Net result = Assets – Liabilities .
Note that equity also consists of:
Capital-related premiums ( issue, merger, contribution, etc.);
From the carry forward (credit or debit);
Investment subsidies ( financial aid granted by the State or public authorities);
Regulated provisions ( reserves not released from tax).
An entrepreneur determines the provisions for risks and charges of his business
Provisions for risks and charges
Provisions for risks and charges make it possible to record probable debts , the maturity or amount of which are not precisely determined.
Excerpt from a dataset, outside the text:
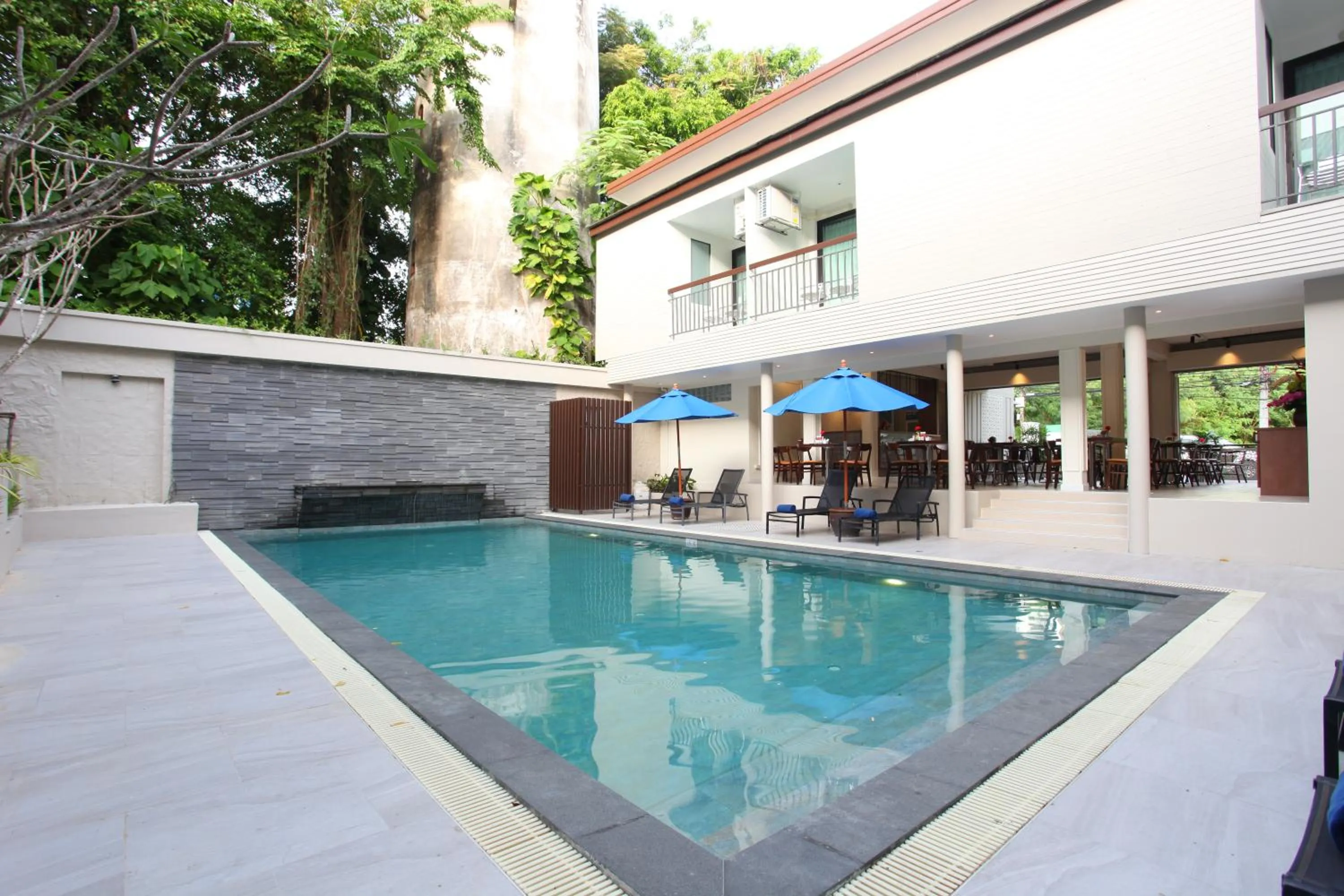 Swimming pool in Adema Boutique Karon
Be careful, however: to record this type of debt, you must estimate its usa student data amount precisely and reliably , otherwise you could be penalized by the tax authorities.
Provisions for risks
Provisions for risks relate to doubtful or disputed customers who will not pay their receivables. Therefore, be sure to anticipate these types of events in order to avoid excessive financial losses for the company.
Provisions for charges
Provisions for charges are established at the time of closing . These are future and probable charges in the short or medium term. Thus, the amount of this provision is not certain but estimable . This is the case for provisions for renewal, restructuring ( works ), etc.
Internal liabilities ( equity);
External liabilities ( debts as well as provisions for risks and charges).
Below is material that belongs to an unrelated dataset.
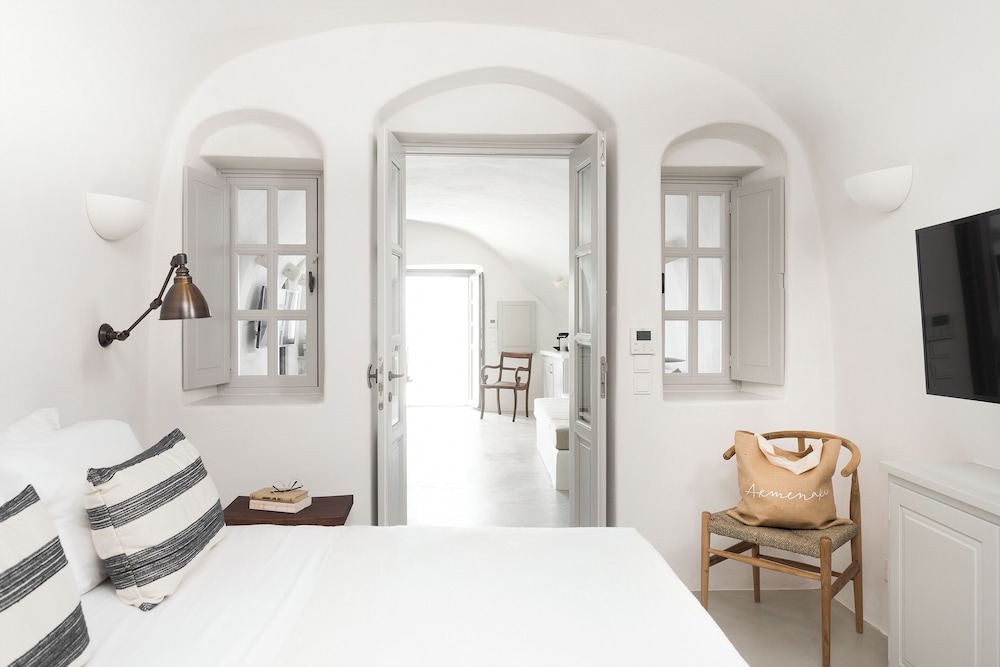 armenaki santorini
Equity represents the stable resources of the company. It must appear on the balance sheet before the allocation of the result . Equity mainly includes:
Share capital ;
The company's reserves ;
The bottom line .
Share capital
Share capital corresponds to the money ( cash contribution ) contributed by the partners or shareholders at the time of the creation of the company.
Company reserves
Reserves are the results from previous years that have not been distributed to shareholders. More specifically, they are the shares of profits that remain in the hands of the manager or in the company. They help support the development of the company.
The net result
Finally, the net result represents the difference between the income and expenses of the accounting year (profit or loss). It allows the company to ensure that the total assets are equal to the total liabilities.
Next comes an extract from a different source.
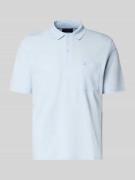 Christian Berg Men Regular Fit Poloshirt mit Brusttasche in Bleu, Größ...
Capital-related premiums ( issue, merger, contribution, etc.);
From the carry forward (credit or debit);
Investment subsidies ( financial aid granted by the State or public authorities);
Regulated provisions ( reserves not released from tax).
An entrepreneur determines the provisions for risks and charges of his business
Provisions for risks and charges make it possible to record probable debts , the maturity or amount of which are not precisely determined.
Be careful, however: to record this type of debt, you must estimate its usa student data amount precisely and reliably , otherwise you could be penalized by the tax authorities.
Provisions for risks
Provisions for risks relate to doubtful or disputed customers who will not pay their receivables. Therefore, be sure to anticipate these types of events in order to avoid excessive financial losses for the company.
Provisions for charges
Provisions for charges are established at the time of closing . These are future and probable charges in the short or medium term. Thus, the amount of this provision is not certain but estimable . This is the case for provisions for renewal, restructuring ( works ), etc.